On September 16, 2010, OPM announced that it was encouraging federal agencies to use the new DOL medical certification forms WH-380E (for the employee's own serious health condition) and WH-380F (for the serious health condition of covered family members). OPM explained that it was encouraging the switch to the newer DOL forms because the WH-380 was set to expire on September 30, 2010.
Comment: The announcement constitutes a reversal by the OPM. When the DOL initially issued the revised medical certification forms OPM counseled agencies to continue using the old WH-380. The reason: the DOL was able to revise the medical certification forms to allow employers to secure additional information because the DOL revised the underlying regulations governing the content of medical information that an employer may require from an employee to substantiate the need for FMLA leave. Because OPM did not similarly modify the underlying Title II medical certification content regulations, OPM correctly felt that the use of the new DOL forms would result in an employer securing more medical information than was permitted by OPM regulations.
Agencies that follow the OPM's advice and use the revised DOL forms are taking a risk. OPM has not revised the regulations governing the permissible content of a serious health condition medical certification. As such, existing OPM regulations do not permit an agency to require all of the medical information contained on the revised DOL forms. Again, the new DOL forms allow an employer to secure additional medical information BECAUSE the DOL modified the underlying medical certification content regulations. OPM has not modified its underlying medical certification content regulations. The regulations continue to prohibit an agency from securing medical information other than what is specifically permitted by the Title II regulations. See 5 CFR 630.1207.

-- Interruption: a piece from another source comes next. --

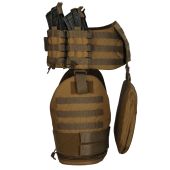 Комплект пояс WARBELT з м'яким балістичним захистом, захистом ніг за 1 класом ДСТУ та 4-ма підсумками під магазини АК Койот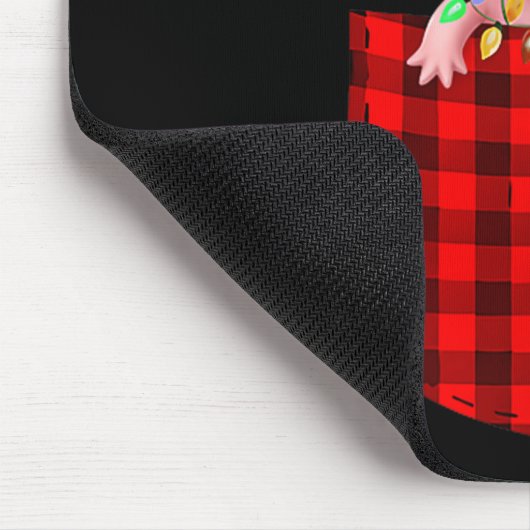 Axolotl Buffalo Red Plaid Cket Christmas Funny Men Mousepad (Ecke)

It is frankly unclear to me how OPM can counsel agencies to use the new DOL forms when, as OPM initially recognized, such use will result in securing more medical information than is currently permitted by OPM's medical certification content regulations. Moreover, it is highly likely that an agency would not fair well if it denied FMLA leave and/or took disciplinary action because an employee submitted a certification that conformed to the OPM medical certification content regulations, but did not include all of the information on the more expansive new DOL forms.
The expiration of the WH-380 does not justify the use of the new DOL forms until OPM changes its underlying medical certification content regulations. It is unclear what the OPM means when it says that the WH-380 is set to expire. Maybe that means the the DOL has set some sort of expiration date. In any event, since the use of the WH-380 is permissive, not mandatory, the fact that DOL has set an expiration date is not controlling for OPM. Nor does it change the reality that OPM has not changed the underlying medical certification content regulations.
I also understand that OPM has opined that it intends to change its medical certification content regulations to conform with the DOL- which would permit the use of the new DOL forms. It is waiting, however, for the DOL to make some additional changes to the Title I FMLA regulations. OPM's intention to change the medical certification regulations is not, however, a legally valid justification to begin using the new forms now as if the regulation has been changed! The OPM's intention to change the Title II regulations at some unknown point in the future will not be a viable defense to a claim that use of the revised DOL certification forms violates Title II of the FMLA as it, in fact, exists. Agencies are bound by regulations that are in effect, not those that have been proposed, and certainly not those that are merely contemplated.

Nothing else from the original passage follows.